> **PROBLEM TO SOLVE**: Reproduce, character for character, the entries from their opening line through the line with "Heart shape of".
►
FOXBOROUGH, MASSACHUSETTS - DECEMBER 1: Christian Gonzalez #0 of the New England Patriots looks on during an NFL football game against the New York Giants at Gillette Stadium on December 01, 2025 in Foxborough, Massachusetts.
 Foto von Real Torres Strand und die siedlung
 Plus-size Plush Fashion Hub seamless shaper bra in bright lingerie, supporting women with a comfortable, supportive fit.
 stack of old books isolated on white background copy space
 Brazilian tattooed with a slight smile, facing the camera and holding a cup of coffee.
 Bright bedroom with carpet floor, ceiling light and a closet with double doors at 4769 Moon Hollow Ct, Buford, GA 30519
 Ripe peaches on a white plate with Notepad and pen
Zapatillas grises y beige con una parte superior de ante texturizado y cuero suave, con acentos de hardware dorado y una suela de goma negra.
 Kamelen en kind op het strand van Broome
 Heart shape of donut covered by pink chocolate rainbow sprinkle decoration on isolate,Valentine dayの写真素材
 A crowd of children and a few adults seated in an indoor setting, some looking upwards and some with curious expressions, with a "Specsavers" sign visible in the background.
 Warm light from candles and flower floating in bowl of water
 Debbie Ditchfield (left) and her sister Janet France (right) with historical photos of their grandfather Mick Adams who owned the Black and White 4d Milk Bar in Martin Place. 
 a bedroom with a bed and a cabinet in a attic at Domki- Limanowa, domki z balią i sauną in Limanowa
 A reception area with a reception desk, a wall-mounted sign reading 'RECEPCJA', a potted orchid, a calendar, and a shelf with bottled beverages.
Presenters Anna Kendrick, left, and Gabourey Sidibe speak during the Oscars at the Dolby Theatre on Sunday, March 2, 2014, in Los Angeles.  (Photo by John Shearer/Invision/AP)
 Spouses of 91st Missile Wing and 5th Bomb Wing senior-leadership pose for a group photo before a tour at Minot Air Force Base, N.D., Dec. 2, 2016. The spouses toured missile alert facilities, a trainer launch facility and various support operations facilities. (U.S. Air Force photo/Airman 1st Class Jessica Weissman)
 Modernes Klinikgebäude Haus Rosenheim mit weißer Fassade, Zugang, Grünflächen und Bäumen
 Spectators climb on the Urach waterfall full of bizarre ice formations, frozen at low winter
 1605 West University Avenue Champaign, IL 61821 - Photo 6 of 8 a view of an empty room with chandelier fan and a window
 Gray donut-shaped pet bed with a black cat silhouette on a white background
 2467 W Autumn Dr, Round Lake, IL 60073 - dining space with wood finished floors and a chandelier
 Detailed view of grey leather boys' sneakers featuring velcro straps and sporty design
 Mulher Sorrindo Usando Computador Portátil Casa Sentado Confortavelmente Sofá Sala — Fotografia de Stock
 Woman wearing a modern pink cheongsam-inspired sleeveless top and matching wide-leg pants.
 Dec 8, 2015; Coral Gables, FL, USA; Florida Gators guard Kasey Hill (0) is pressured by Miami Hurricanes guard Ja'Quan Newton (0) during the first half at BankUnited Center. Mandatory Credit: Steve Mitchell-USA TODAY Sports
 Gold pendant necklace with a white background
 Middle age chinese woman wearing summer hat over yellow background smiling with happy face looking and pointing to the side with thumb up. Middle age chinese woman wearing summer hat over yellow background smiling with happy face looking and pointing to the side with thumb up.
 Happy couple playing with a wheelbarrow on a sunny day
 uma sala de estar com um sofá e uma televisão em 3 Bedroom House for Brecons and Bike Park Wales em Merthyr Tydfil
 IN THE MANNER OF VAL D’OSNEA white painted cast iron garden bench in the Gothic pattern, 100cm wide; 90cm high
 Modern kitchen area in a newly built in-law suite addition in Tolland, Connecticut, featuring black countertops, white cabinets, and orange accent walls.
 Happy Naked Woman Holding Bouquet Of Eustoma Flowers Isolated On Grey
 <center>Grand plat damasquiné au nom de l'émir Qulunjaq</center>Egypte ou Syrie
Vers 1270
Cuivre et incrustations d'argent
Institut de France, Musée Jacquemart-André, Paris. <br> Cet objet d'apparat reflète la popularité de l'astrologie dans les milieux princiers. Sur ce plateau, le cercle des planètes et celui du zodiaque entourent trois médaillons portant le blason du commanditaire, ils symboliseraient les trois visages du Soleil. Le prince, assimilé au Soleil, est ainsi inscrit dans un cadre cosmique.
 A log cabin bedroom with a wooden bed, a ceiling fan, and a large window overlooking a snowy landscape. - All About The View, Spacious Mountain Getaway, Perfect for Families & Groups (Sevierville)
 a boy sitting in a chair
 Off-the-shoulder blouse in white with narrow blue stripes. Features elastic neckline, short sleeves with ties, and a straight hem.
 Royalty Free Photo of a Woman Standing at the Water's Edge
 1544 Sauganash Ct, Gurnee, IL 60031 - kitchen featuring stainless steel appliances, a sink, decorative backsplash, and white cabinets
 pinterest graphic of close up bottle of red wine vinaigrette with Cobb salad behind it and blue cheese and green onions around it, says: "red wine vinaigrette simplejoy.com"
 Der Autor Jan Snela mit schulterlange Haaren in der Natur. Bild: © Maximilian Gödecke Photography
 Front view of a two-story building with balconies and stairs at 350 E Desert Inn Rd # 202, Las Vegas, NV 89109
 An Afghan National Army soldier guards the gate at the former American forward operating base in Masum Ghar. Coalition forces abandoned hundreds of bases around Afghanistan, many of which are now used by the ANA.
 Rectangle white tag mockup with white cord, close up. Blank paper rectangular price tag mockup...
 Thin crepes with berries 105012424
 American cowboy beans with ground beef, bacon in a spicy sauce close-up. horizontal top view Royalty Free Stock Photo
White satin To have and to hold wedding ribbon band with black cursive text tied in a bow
◄
> **SOLUTION TO THE PROBLEM**:
FOXBOROUGH, MASSACHUSETTS - DECEMBER 1: Christian Gonzalez #0 of the New England Patriots looks on during an NFL football game against the New York Giants at Gillette Stadium on December 01, 2025 in Foxborough, Massachusetts.
 Foto von Real Torres Strand und die siedlung
 Plus-size Plush Fashion Hub seamless shaper bra in bright lingerie, supporting women with a comfortable, supportive fit.
 stack of old books isolated on white background copy space
 Brazilian tattooed with a slight smile, facing the camera and holding a cup of coffee.
 Bright bedroom with carpet floor, ceiling light and a closet with double doors at 4769 Moon Hollow Ct, Buford, GA 30519
 Ripe peaches on a white plate with Notepad and pen
Zapatillas grises y beige con una parte superior de ante texturizado y cuero suave, con acentos de hardware dorado y una suela de goma negra.
 Kamelen en kind op het strand van Broome
 Heart shape of donut covered by pink chocolate rainbow sprinkle decoration on isolate,Valentine dayの写真素材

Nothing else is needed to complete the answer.